▸ **Entries shown**
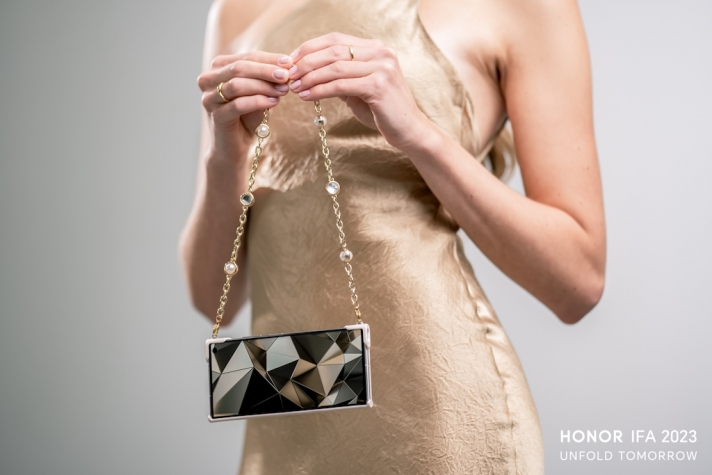 Honor introduced the world's first fashion accessory «smartphone clutch»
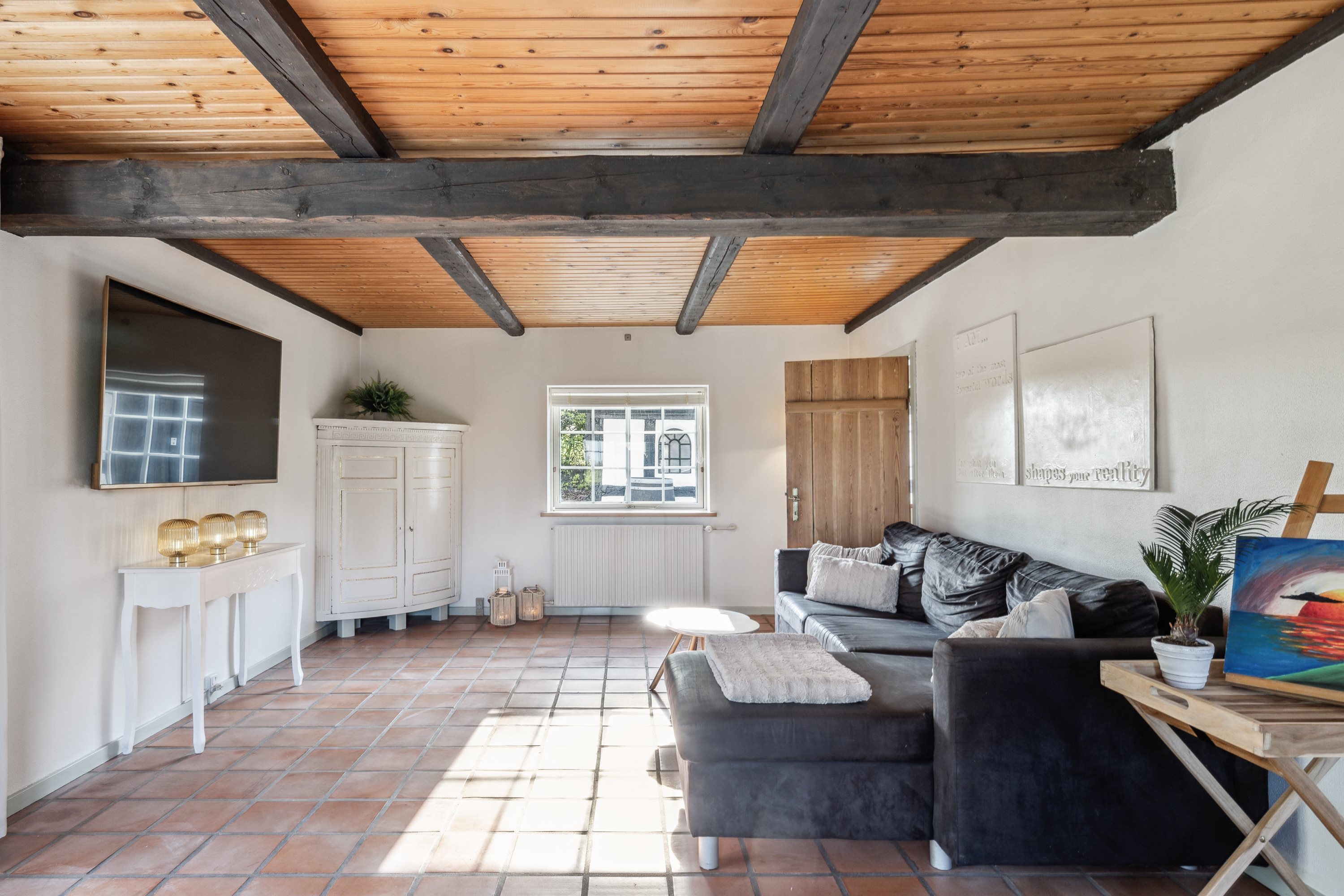 Fremhævet stue billede i fuldskærmstilstand. Billede af Hobro Landevej 131, Nr Vinge, 8830 Tjele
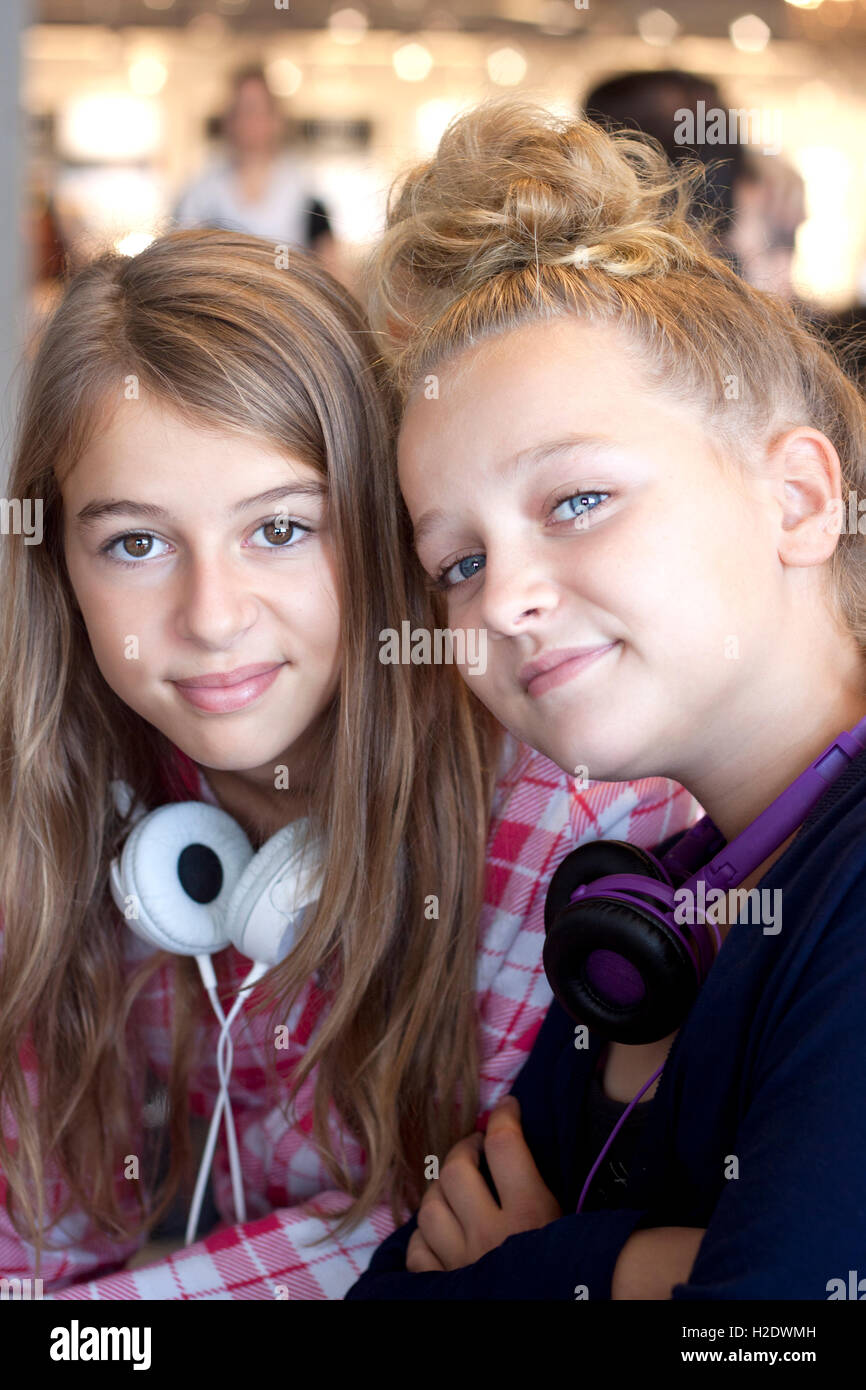 Two teenage kids hanging out Stock Photo - Alamy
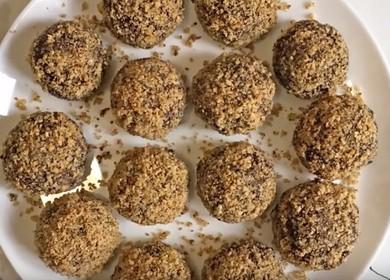 نقوم بإعداد ملفات تعريف الارتباط الأصلية مع المكسرات وفقًا لوصفة خطوة بخطوة مع صورة.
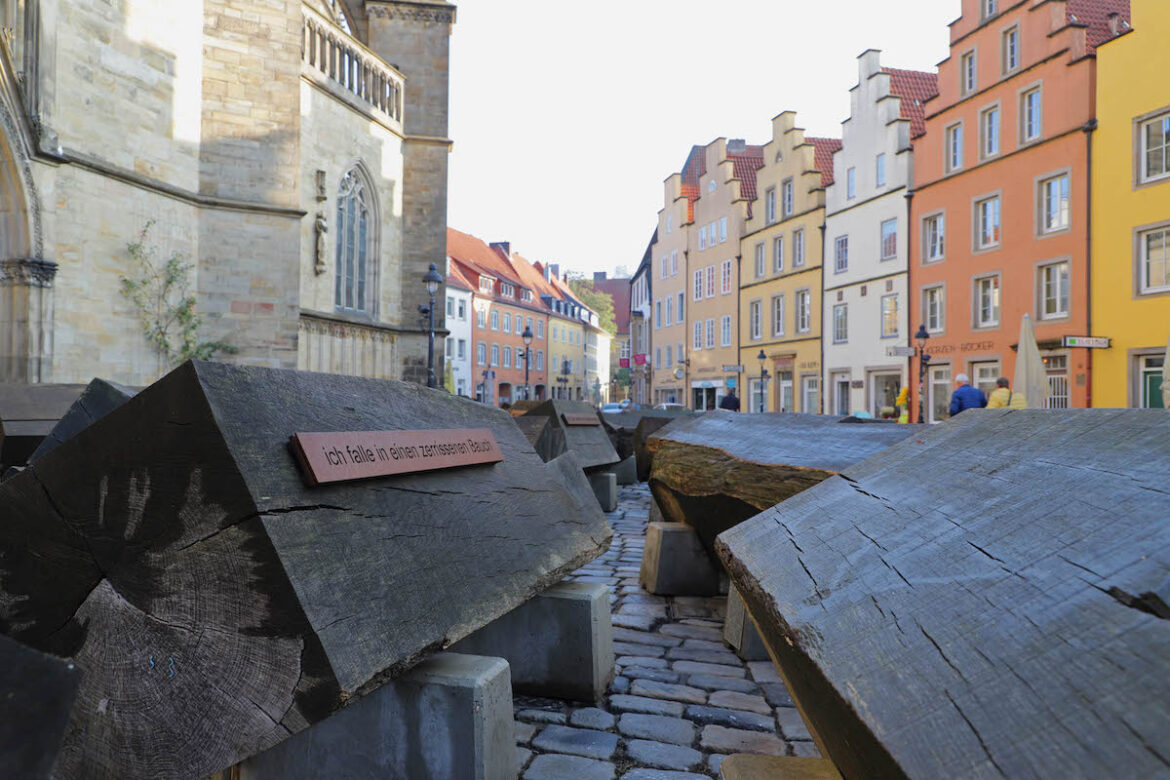 Mahnmale von Volker Johannes Trieb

▸ **Requirement**
Your output should consist solely of the lines from the line containing "Two teenage kids" through the last line of the entries, verbatim, minus any pictures.

▸ **Task output**
 Two teenage kids hanging out Stock Photo - Alamy
 نقوم بإعداد ملفات تعريف الارتباط الأصلية مع المكسرات وفقًا لوصفة خطوة بخطوة مع صورة.
 Mahnmale von Volker Johannes Trieb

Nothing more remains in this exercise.